SOURCE MATERIAL:
· · · · · · ·
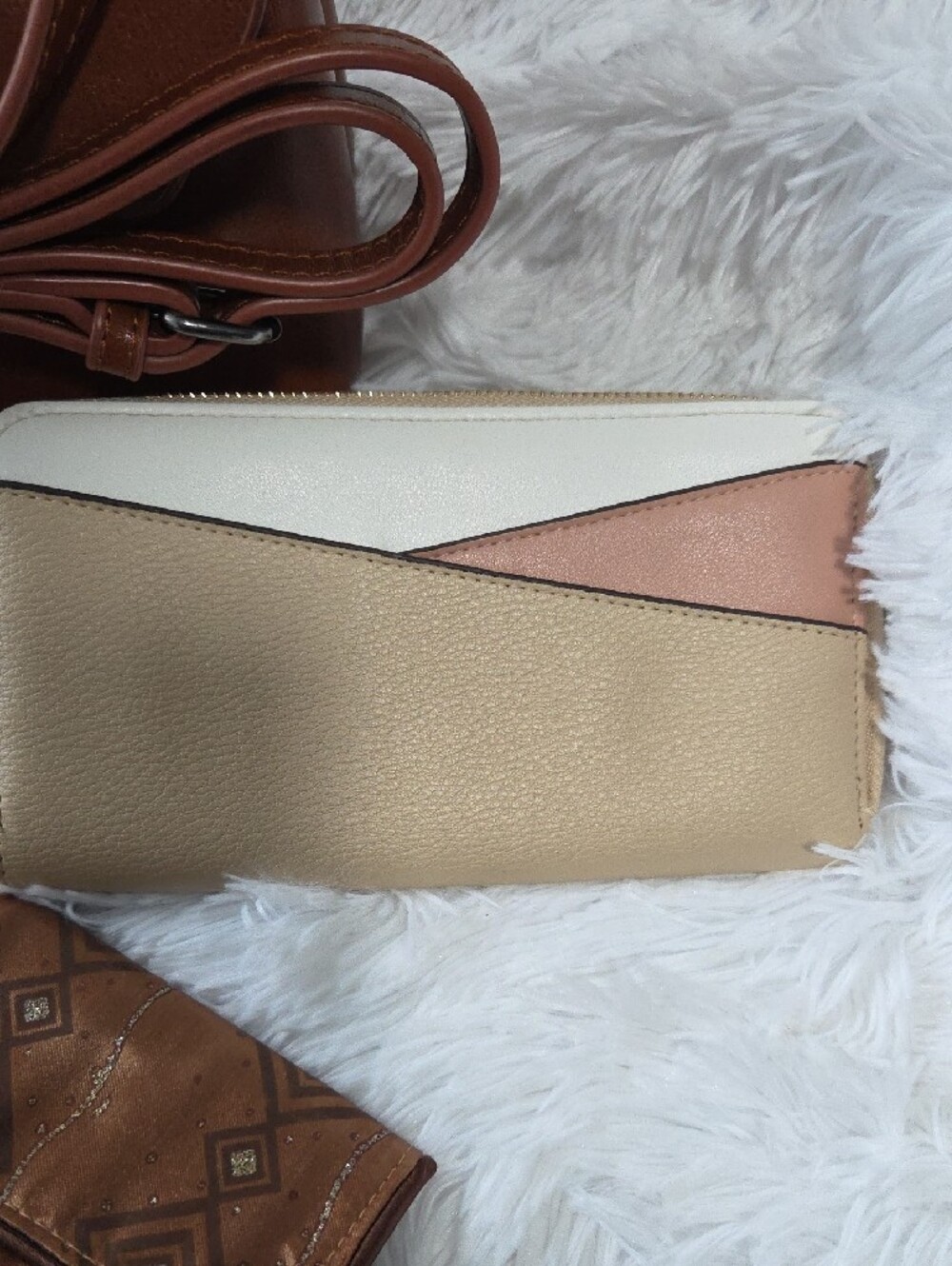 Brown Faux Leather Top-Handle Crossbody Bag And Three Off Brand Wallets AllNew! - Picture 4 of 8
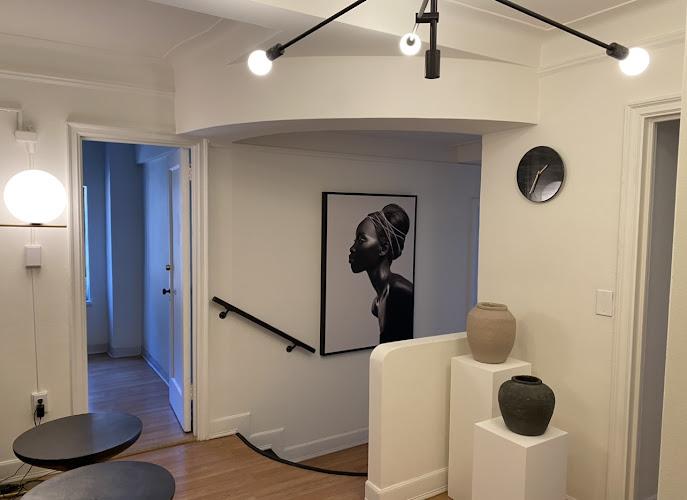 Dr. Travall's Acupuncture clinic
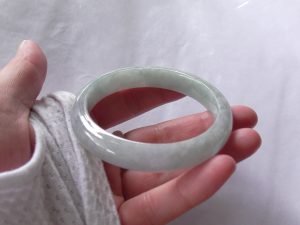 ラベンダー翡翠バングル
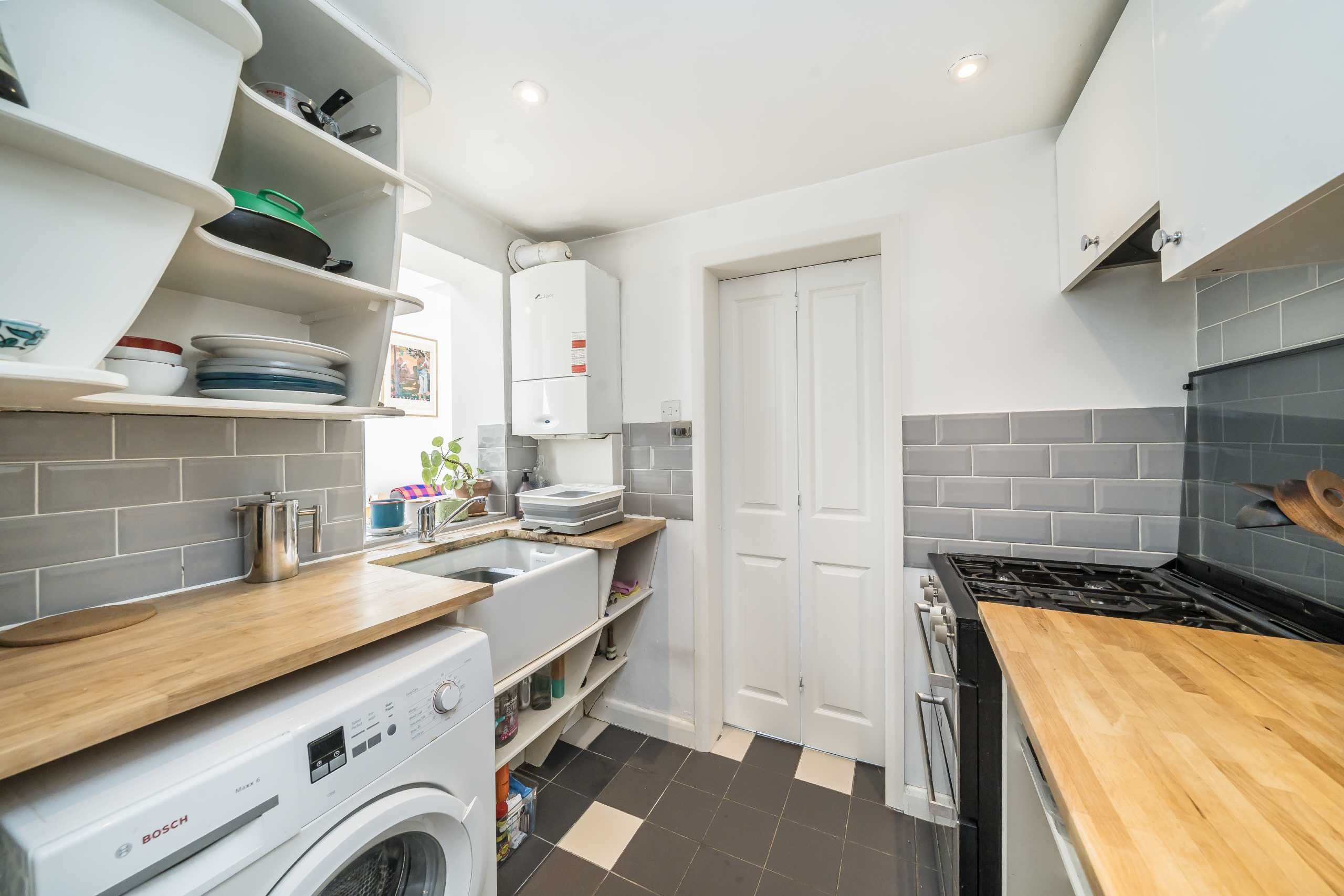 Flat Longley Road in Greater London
· · · · · · ·
ACTION ITEM: Except for the pictures, write the data out exactly.

RESPONSE AREA:
 Brown Faux Leather Top-Handle Crossbody Bag And Three Off Brand Wallets AllNew! - Picture 4 of 8
 Dr. Travall's Acupuncture clinic
 ラベンダー翡翠バングル
 Flat Longley Road in Greater London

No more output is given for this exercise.